Difetti di informazione e comunicazione minano la gestione delle emergenze. Casi recenti: gli incidenti alla piattaforma petrolifera nel Golfo del Messico e alla centrale di Fukushima. Tutto inizia all’1:23:45 del 26 aprile 1986, alla centrale nucleare Vladimir I. Lenin di Chernobyl in Ucraina: la temperatura del reattore numero 4 aumenta in maniera incontrollata e si verifica un’esplosione che scaglia nella stratosfera una nube radioattiva, che nel giro di alcuni giorni si diffonde prima sull’Europa e poi sull’intero emisfero settentrionale. Quello che si verifica a Chernobyl è il peggiore incidente nella storia del nucleare civile. Uno dei peggiori nella storia della tecnologia umana. Perché si è verificato l’incidente? E cosa ci ha insegnato quella che è stata definita, tecnicamente, una catastrofe?
La risposta alla prima domanda dovrebbe contenere anche quella alla seconda.
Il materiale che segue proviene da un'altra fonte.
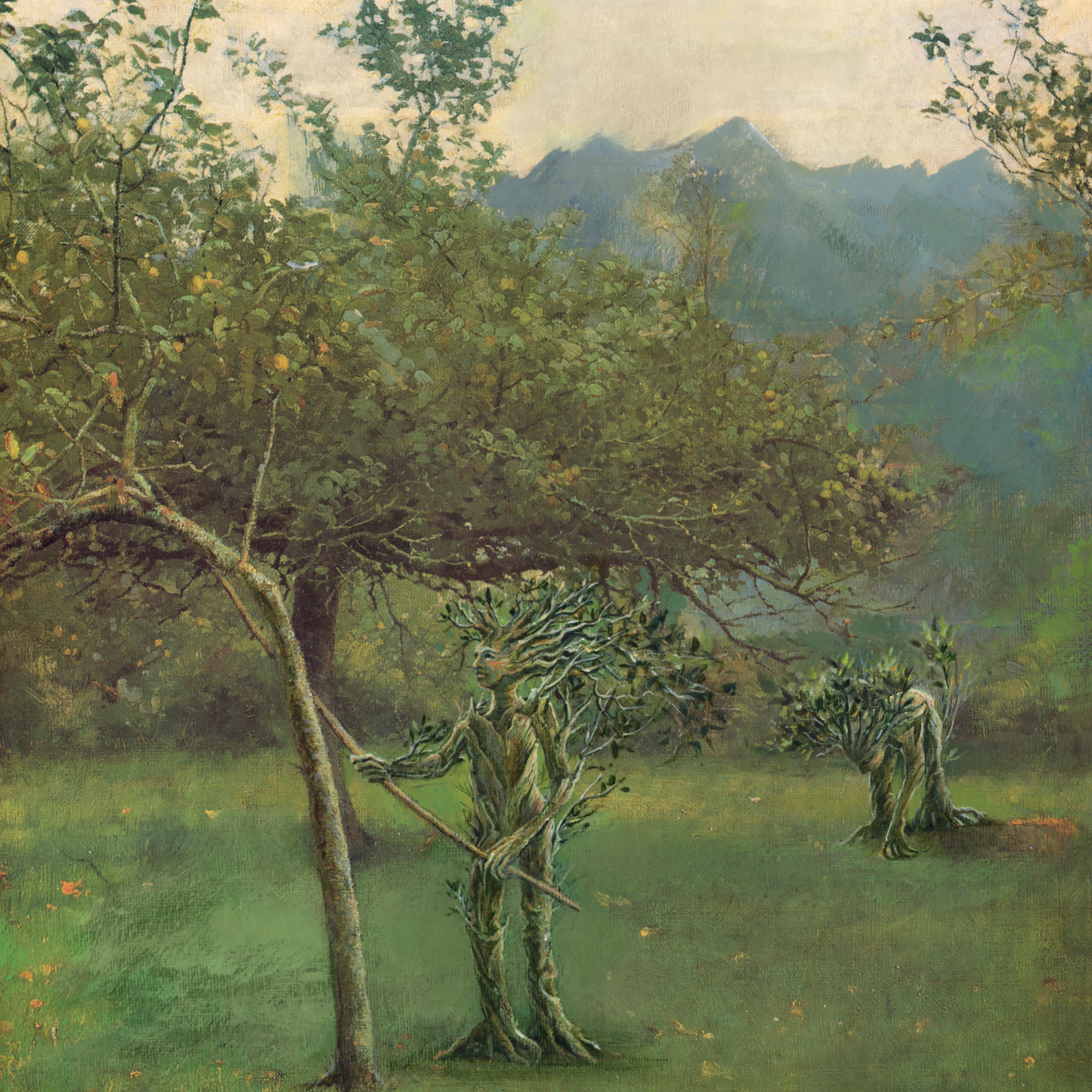 Entwives : Garden of the Entwives, Apple Picking - DIGITAL DOWNLOAD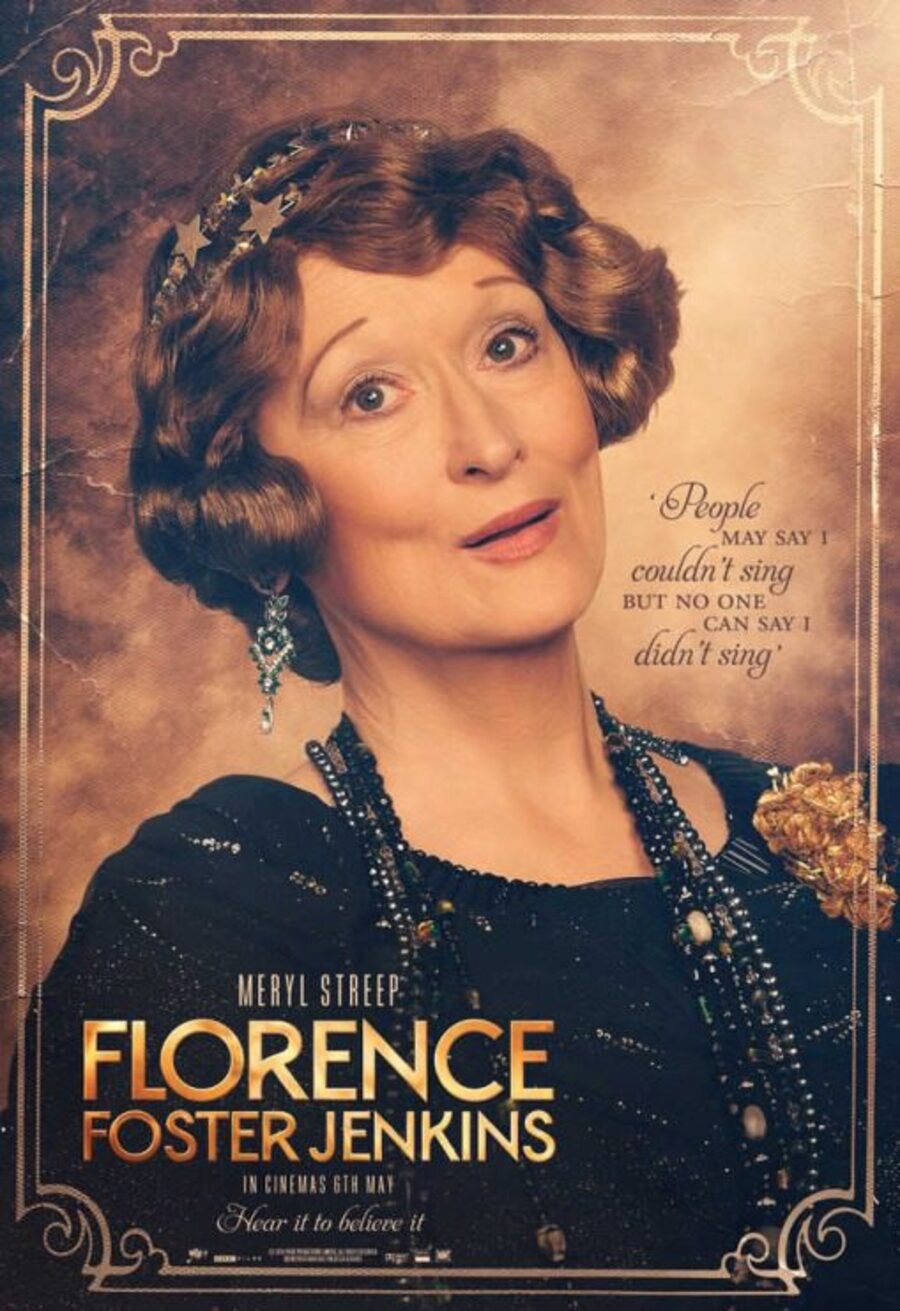 Poster of Florence Foster Jenkins - Meryl Streep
La storia, anche recente, si è incaricata di dirci che non è così. L’incidente di Chernobyl è diventata una catastrofe per il combinato disposto di almeno tre grandi ragioni.
1.La centrale nucleare con unreattore di tipo Bmrk, moderato a grafite e refrigerato con acqua bollente, è stata mal progettata. Il suo peggior difetto è che il reattore non ha alcun sistema di protezione. Solo le normali mura dell’edificio evitano che sia “a cielo aperto”. L’esplosione neppure si accorge di quelle mura e proietta senza impedimenti il suo carico inquinante nell’ambiente.

2. L’incidente è provocato da una serie incredibile di errori umani. I tecnici, nel corso di un test di sicurezza, per estremo paradosso, non rispettano alcuna norma di sicurezza finché si accorgono di aver portato il reattore fuori controllo.

3.Siamo ancora in Unione Sovietica. La protervia della burocrazia si accompagna alla codardia e all’omertà. Per giorni mancherà quella che il giovane Presidente dell’Urss e Segretario Generale del Pcus definisce la glasnost, la trasparenza. Il mondo viene avvisato tardi e male.Con più glasnost si sarebbe potuto gestire meglio l’incidente ed evitare almeno alcuni effetti non desiderabili.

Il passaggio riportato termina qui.